Artist Alyssa Black Processes Loss Through “Lost in the Woods”

Processing Loss Through Art

Collection by Alyssa Black, Drawn to Ecology

Alyssa Black’s new collection, Lost in the Woods, came to life as a way for Alyssa to process loss. Grieving during a pandemic, she found the consuming process of stippling and mark making therapeutic as she methodically depicted the minutiae of a forest landscape.

After four months of working on this collection, she has a new appreciation for her creative practice. She says, “The power of art in helping with mental health and well-being is a gift I have utilized for years without really understanding the depths of its power.”

Find out more, in Alyssa’s own words:


Lost in the Woods started out as a way for me to move through fear, fear of the unknown, fear of sharing something different, but secretly it was a way for me to work through grief. 

The collection started with pieces that fear had left unfinished in my sketchbook for years. Many of the pieces sat in my sketch book for months or years waiting to be finished, waiting for me to put the final touches on them and share with the world.

The optimist in me could say they were waiting to present themselves at a time when I was ready and needing to push through something and grow myself as an artist. Who really knows?? 

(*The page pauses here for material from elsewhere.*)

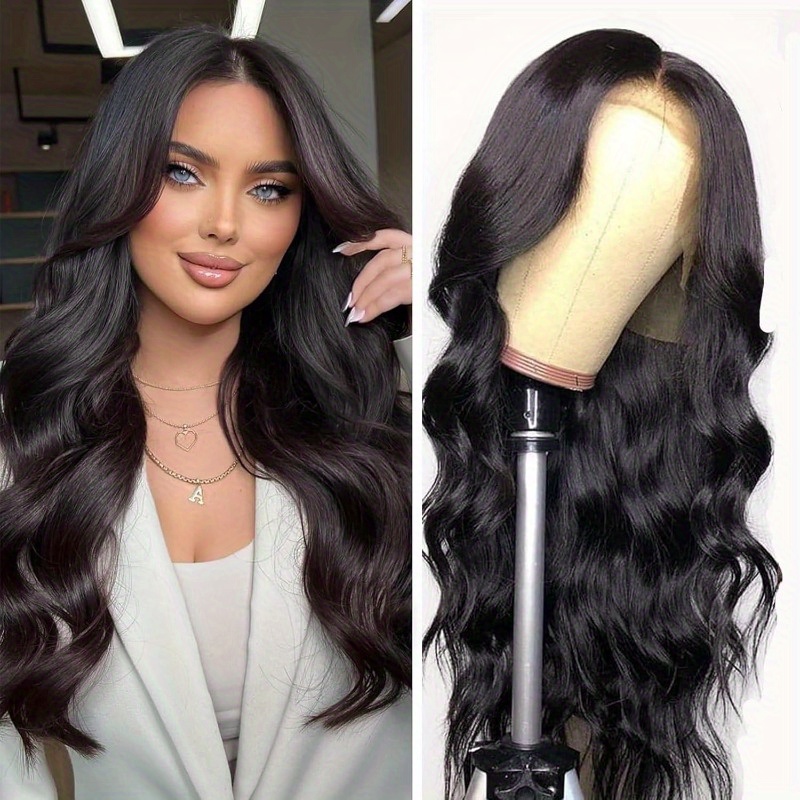 24 inch black middle part long curly hair wig hair net - Temu display picture 2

Most of the time I am a glass half full kind of gal, despite suffering from depression and anxiety. But I must say finding the silver lining or positive side to losing someone I had known for almost my entire 30 years seemed impossible.

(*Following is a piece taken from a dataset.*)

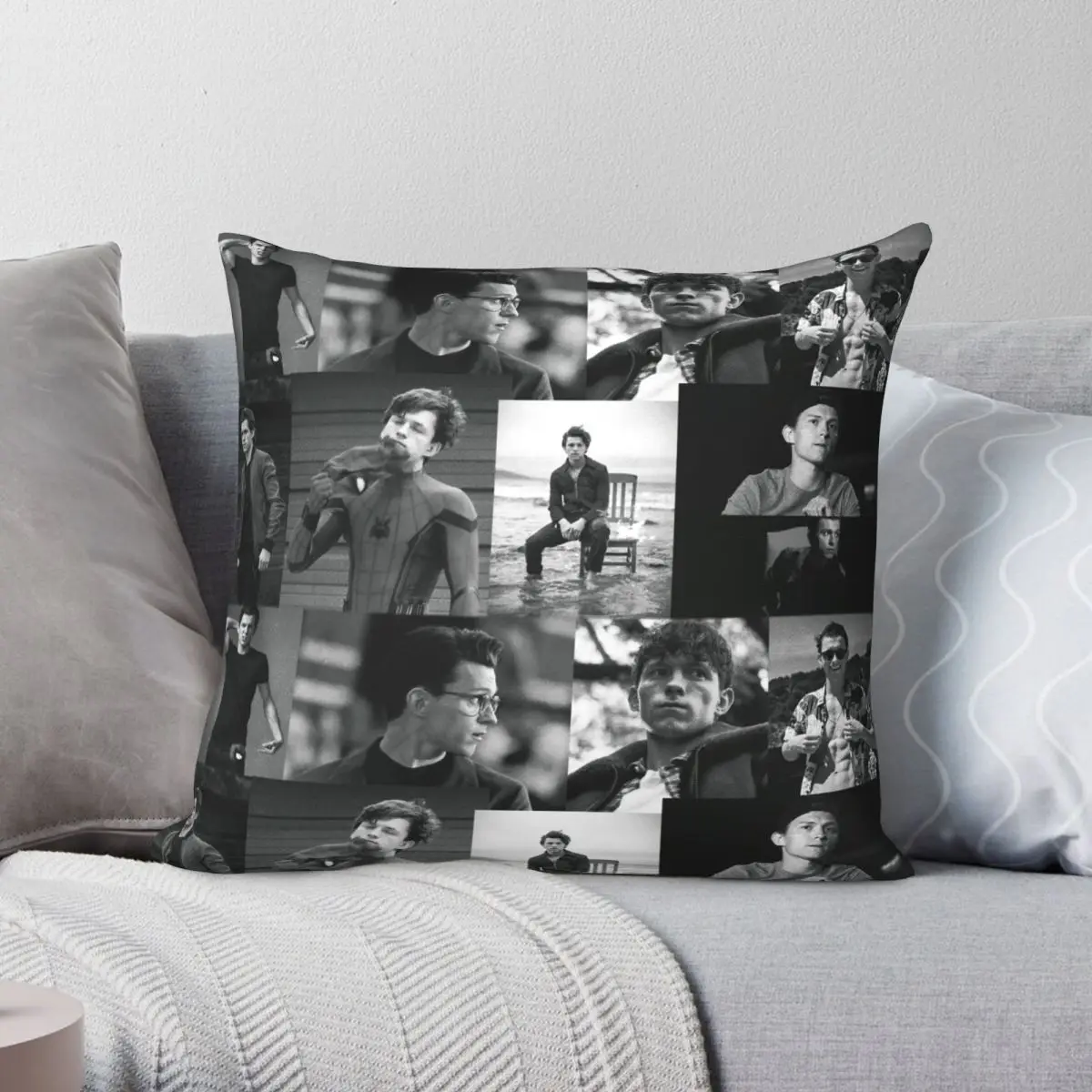

Tom Holland Collage Square Pillowcase Polyester Linen Velvet Pattern Zip Decor Pillow Case Bed Cushion Cover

Grieving is a lot like a roller coaster, but I couldn’t imagine how difficult it would be to grieve my best friend during a pandemic. Being isolated has made the highs and the lows that much more intense but surprisingly it has given me a gift I didn’t know I needed: time and space to feel all of the feelings and the freedom to just create. 

I decided to pick up the pieces left half finished in my sketchbooks. Pushing through those moments of fear and anxiety, working in a meditative way, dot after dot, line after line, until I found their rhythm, my rhythm, and that release of fear or anxiety.

The repetitive motion of stippling, dot after dot, gives room to either sink into the emotions I feel, or to let them wash away as I sink into a meditative trace.

The process slowly evolved into something more than moving through fear, into something to help me when the lonely set in. The lonely when there isn’t room for your emotions. When those around you don’t understand you or can’t relate or your emotions are too intense so you shrink them and hide them inside.

These pieces are the manifestation of those moments of shrinking and burying emotions. The tangled branches that form a dense forest hiding all of the parts that are too much, too sad, too intense, and too dark to see the light. All those times I kept to myself because it wasn’t the right time to talk about it, I made a piece. 

Putting up all of the pieces together, created over the last 4 months, I realized a gift I have been receiving from my style of art for years: the meditative practice of stippling and mark making.

The power of art in helping with mental health and well-being is a gift I have utilized for years without really understanding the depths of its power.

The act of placing line after line of the trees and dot after dot of the hills allows me to practice patience. The repetitive motion of stippling, dot after dot, gives room to either sink into the emotions I feel, or to let them wash away as I sink into a meditative trace.

The power of art in helping with mental health and well-being is a gift I have utilized for years without really understanding the depths of its power. Learning how to channel my emotions, moving through pain, grief, and depression in a way that I can look back on as pieces that remind me of the beauty within the pain but I can use as a reminder that those emotions are just moments in time. With gratitude l for this gift, I am intrigued to see how I can share this beyond pieces of art, but also as meditative art sessions—because everyone needs an emotional outlet, these days especially. 

Lost in the Woods has helped me in ways I do not think I can truly articulate, and my hope is that a piece will speak to that part of you hidden away amongst the trees gazing out at the beautiful view in the distant.